Muito mais que um dilema terminológico, a pergunta encerra perspectivas radicalmente opostas sobre a crise ecológica. Em sete ensaios, o livro em pré-venda no site da Elefante demonstra que a ideia de Antropoceno — preferida do catastrofismo anódino dos meios de comunicação e da comunidade científica — não está isenta de politização. Ao considerar indistintamente a humanidade como responsável pelos impactos geológicos causados pelas atividades econômicas, os proponentes do Antropoceno pecam por uma enorme falta de consistência histórica.
Daí a proposta de nomear a nossa Era como Capitaloceno. Mas esse é apenas um dos termos possíveis. Ao contrário do que sugere a pergunta-título, não se trata de escolher entre um e outro conceito, apenas. Mais que analisar medições estratigráficas nas rochas, os ensaios aqui reunidos estão interessados em cavoucar as ideias-força que ocasionaram tamanho impacto sobre o planeta.
A relevância de Antropoceno ou Capitaloceno? Natureza, história e a crise do capitalismo está na pluralidade com que os autores encaram a tragédia. Por isso, os capítulos deste volume não são fáceis de resumir, mas há algo em comum entre eles: “Todos os ensaios sugerem que o argumento do Antropoceno […] é incapaz de explicar como essas mudanças alarmantes ocorreram. Questões acerca do capitalismo, de poder e classe, antropocentrismo, enquadramentos dualistas de ‘natureza’ e ‘sociedade’ e o papel dos Estados e impérios — tudo isso costuma ser limitado pela perspectiva dominante do Antropoceno”. Outra característica fundamental deste conjunto de artigos são seus argumentos “a favor de reconstruções que apontem uma nova maneira de pensar a humanidade-na-natureza e a natureza-na-humanidade”.
Antropoceno ou Capitaloceno? começa com os ensaios de Eileen Crist, que convida a “considerar as repercussões sombrias de se nomear uma Época tendo nós mesmos como referência para sopesar esse nome, que […] espelha e reforça a visão de mundo antropocêntrica que gerou ‘o Antropoceno’”, e de Donna Haraway, cujo estilo poético oferece amplos e novos espaços conceituais para quem se lança à leitura: “importa quais pensamentos pensam pensamentos”, escreve ela, inspirada pela observação da aranha Pimoa cthulhu, a partir da qual propõe a ideia de Chthuluceno.
Na sequência, Jason W. Moore enfoca a importância da apropriação de trabalho/energia para o desenvolvimento do capitalismo. “A organização do trabalho — dentro e fora da lógica do dinheiro, em todas as suas formas generificadas, semicoloniais e racializadas — deve estar no centro de nossas explicações e de nossa política”, afirma. “A questão do trabalho e a questão da natureza estarão intimamente conectadas na política do século xxi. De fato, elas já estão.”

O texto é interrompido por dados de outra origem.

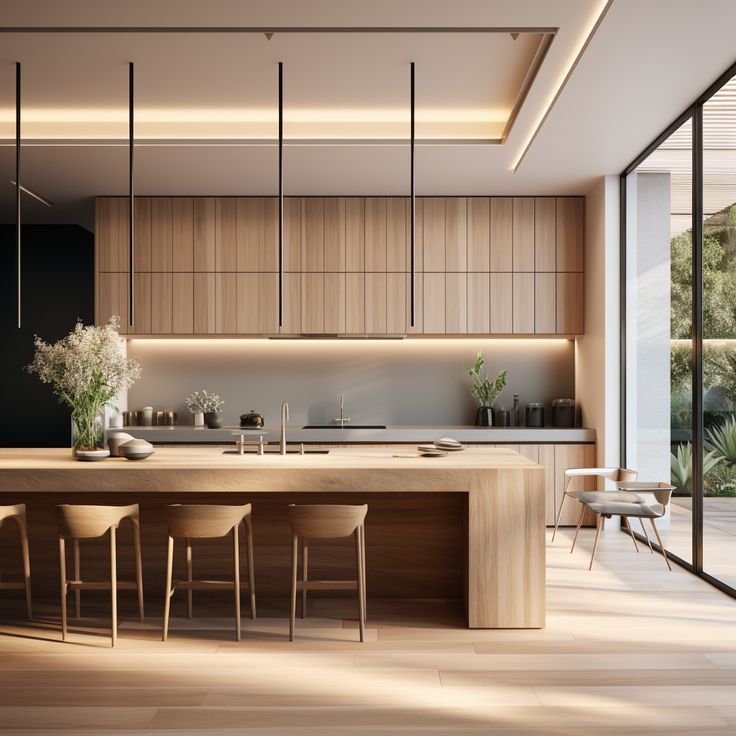 a modern kitchen with wooden cabinets and counter tops, surrounded by glass doors that lead to an outdoor patio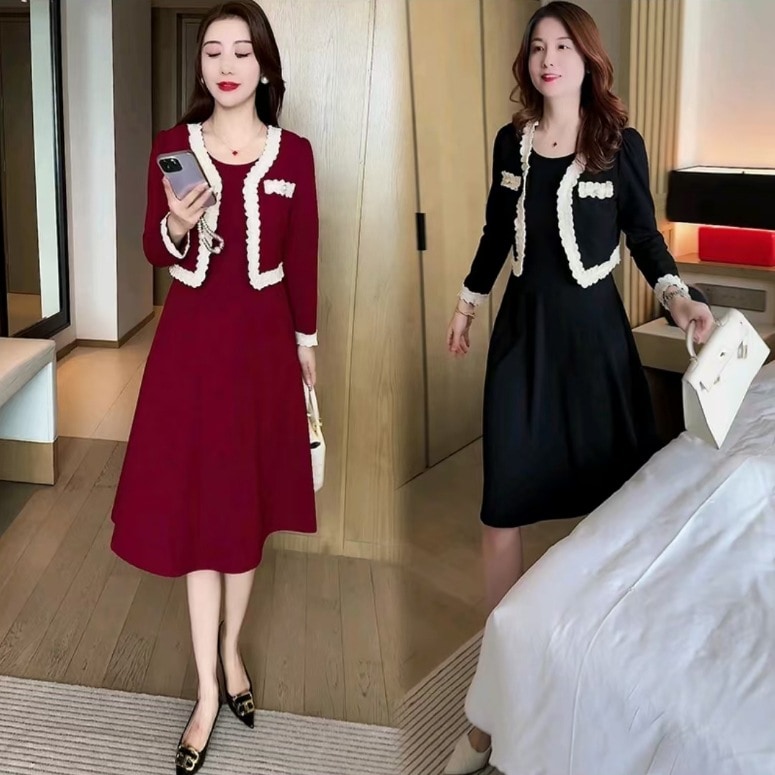 秋スーツワンピース女性洋気小柄ショートコートベストワンピース2点セット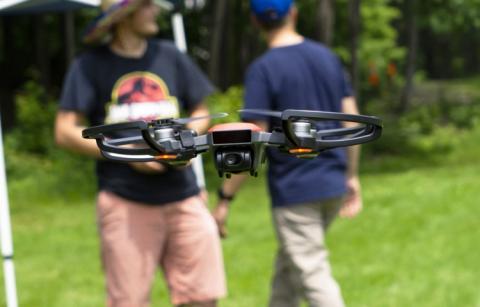 close up of drone in flight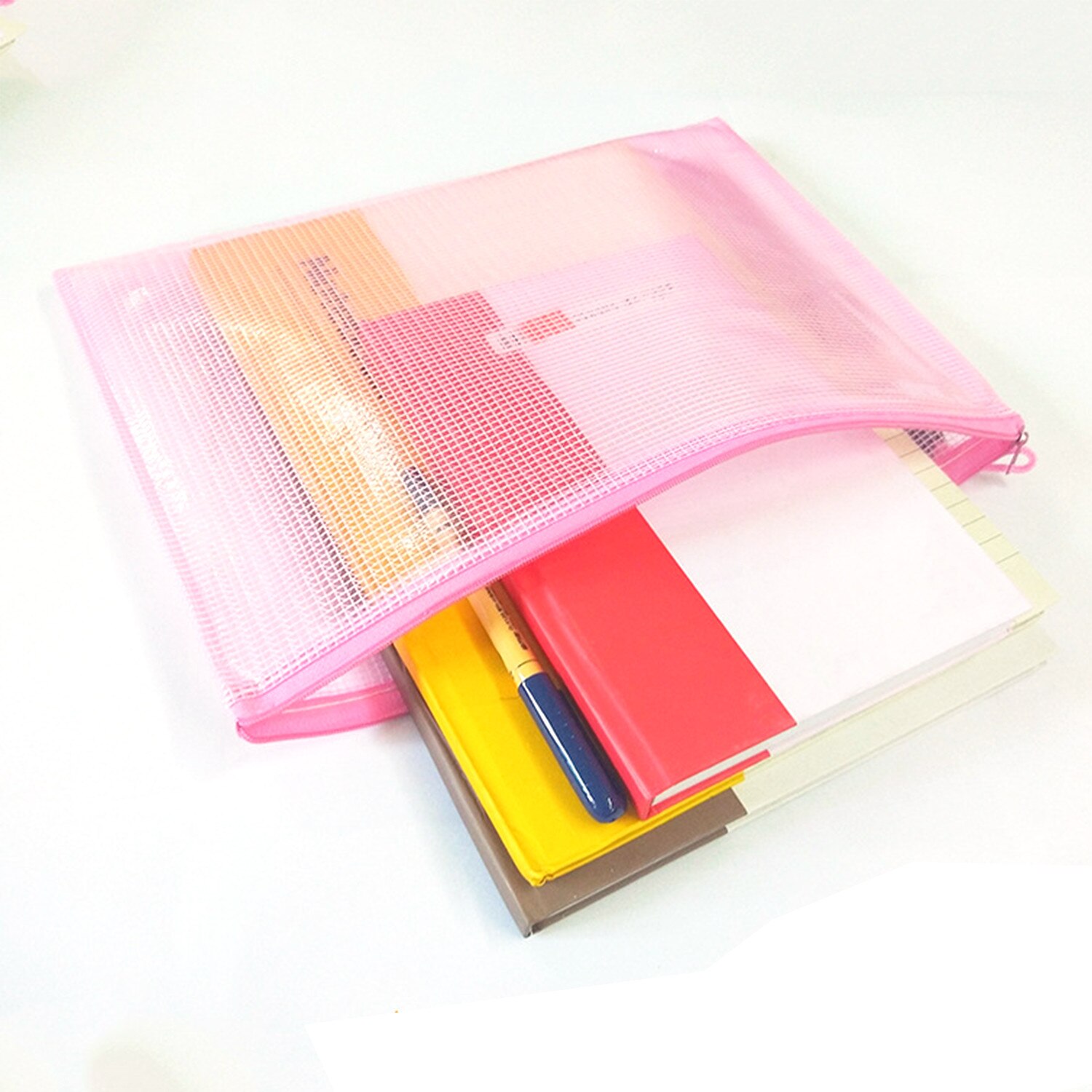 5pcs/lot office File Bag student supplies Waterproof Plastic Zipper Paper File Folder Book Pencil Pen Case Bag File document bag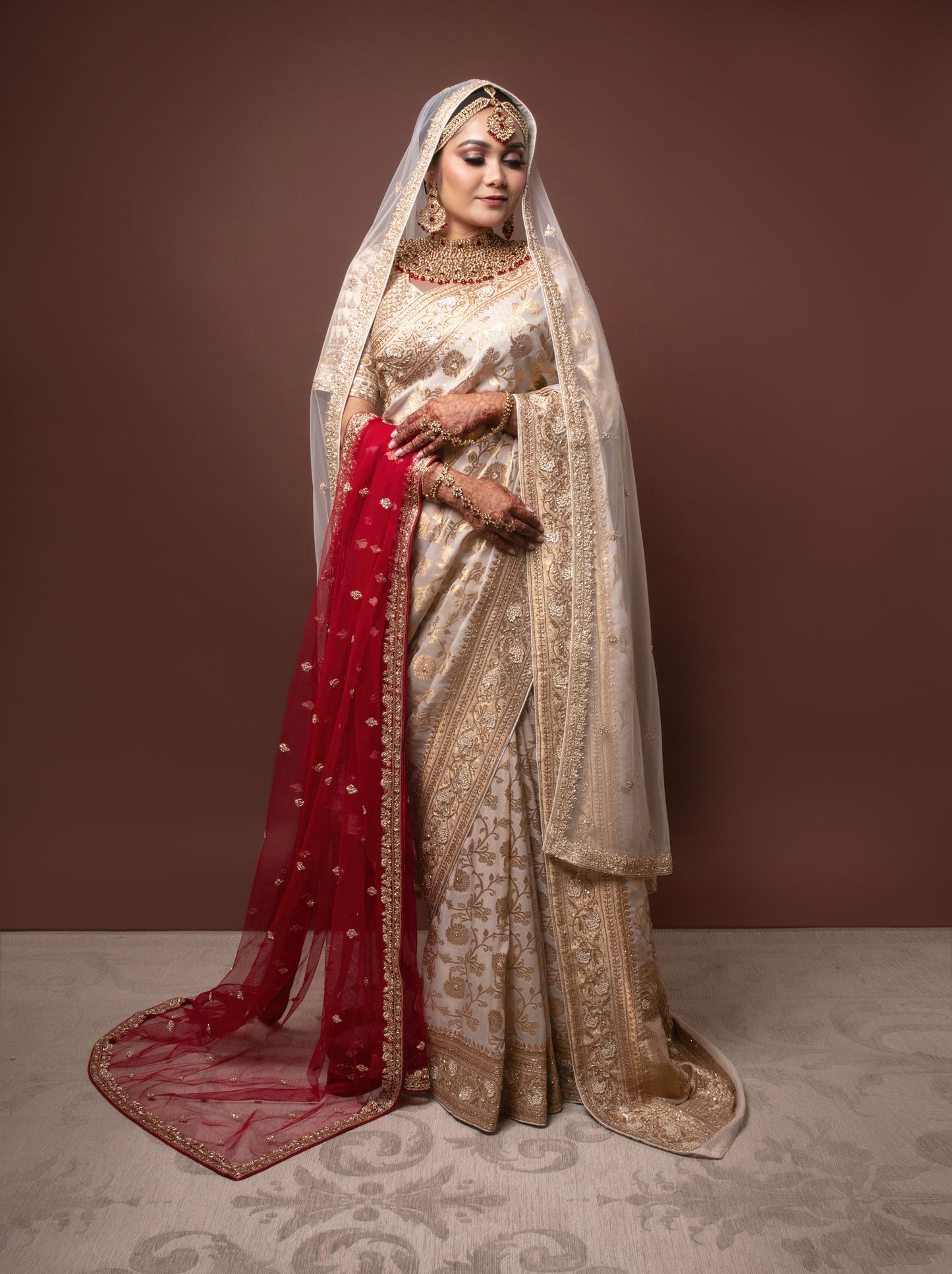 Luxury Khaddi Georgette Embroidery & Beadwork Sari DF261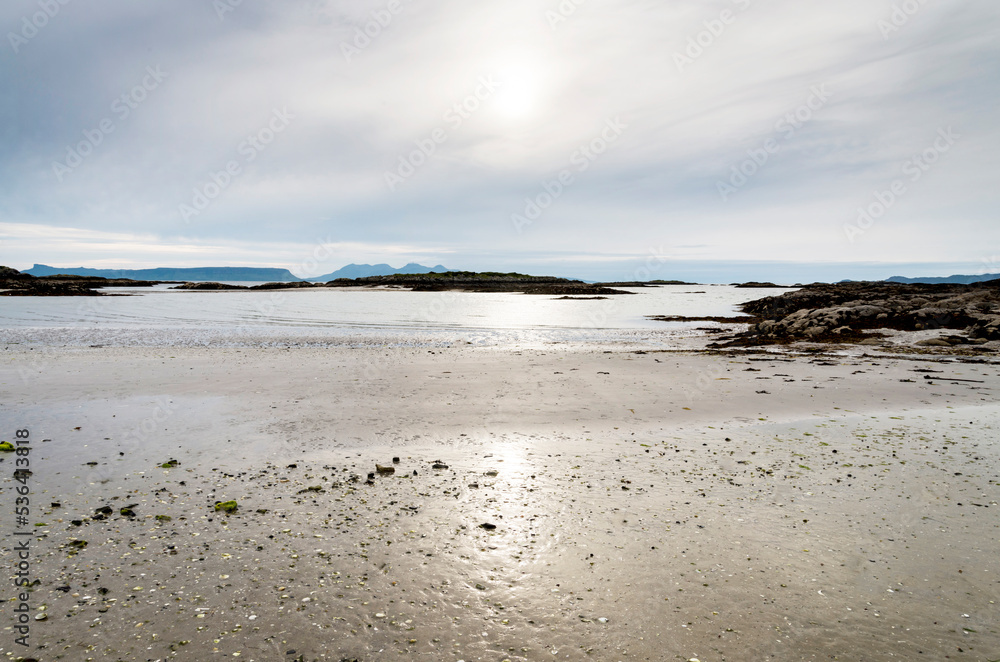 Traigh Beach,deseted, at sunset and view across the bay,Arisaig,Highlands of Scotland,UK.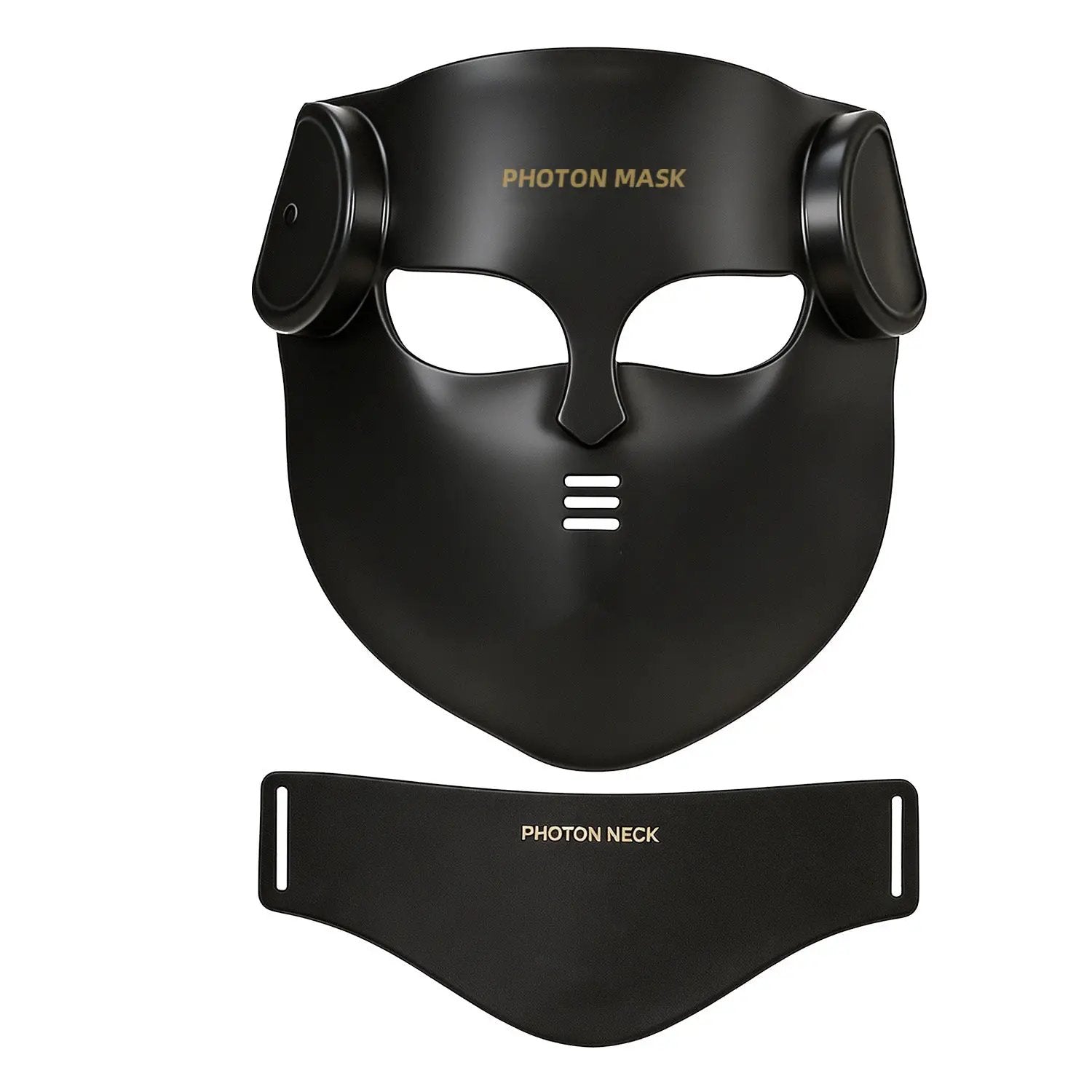 Black silicone photon mask with neck strap; PHOTON MASK label visible
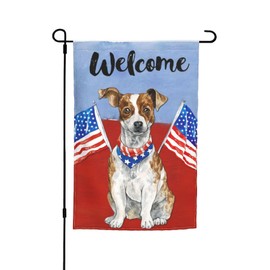 4th Of July Jack Russel Terrier Dog American Usa Flag Independence Day Garden Flag Welcome Party Outdoor Outside Decorations Picks Home House Garden Yard Decor 12x18 Inch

Depois, Justin McBrien relaciona acumulação e extinção para construir o conceito de Necroceno. “O capital nasceu da extinção, e do capital a extinção fluiu. O capital não apenas rouba o solo e o trabalhador […]; ele necrotiza todo o planeta. Há aqui uma ‘fenda metabólica’ — entre a terra e o trabalho — movida pelas contradições da acumulação infinita. Essa acumulação não é somente produtiva; é necrótica, desdobrando-se numa violência lenta, ocupando e produzindo temporalidades históricas, biológicas e geológicas sobrepostas.” Elmar Altvater, por sua vez, concentra sua crítica na geoengenharia, que, para ele, “não pode responder às limitações dos sistemas terrestres no Capitaloceno”.
Para fechar o livro, Daniel Hartley relembra as origens da palavra “cultura”, essencialmente ligada à terra, e que só depois passou a ser sinônimo de civilização como elemento apartado da natureza. E Christian Parenti argumenta que o Estado capitalista é uma entidade inerentemente ambiental. “O Estado […] é uma relação com a natureza, porque a teia da vida e seu metabolismo — incluindo a economia — existem sobre a superfície da Terra e porque o Estado é fundamentalmente uma instituição territorial.”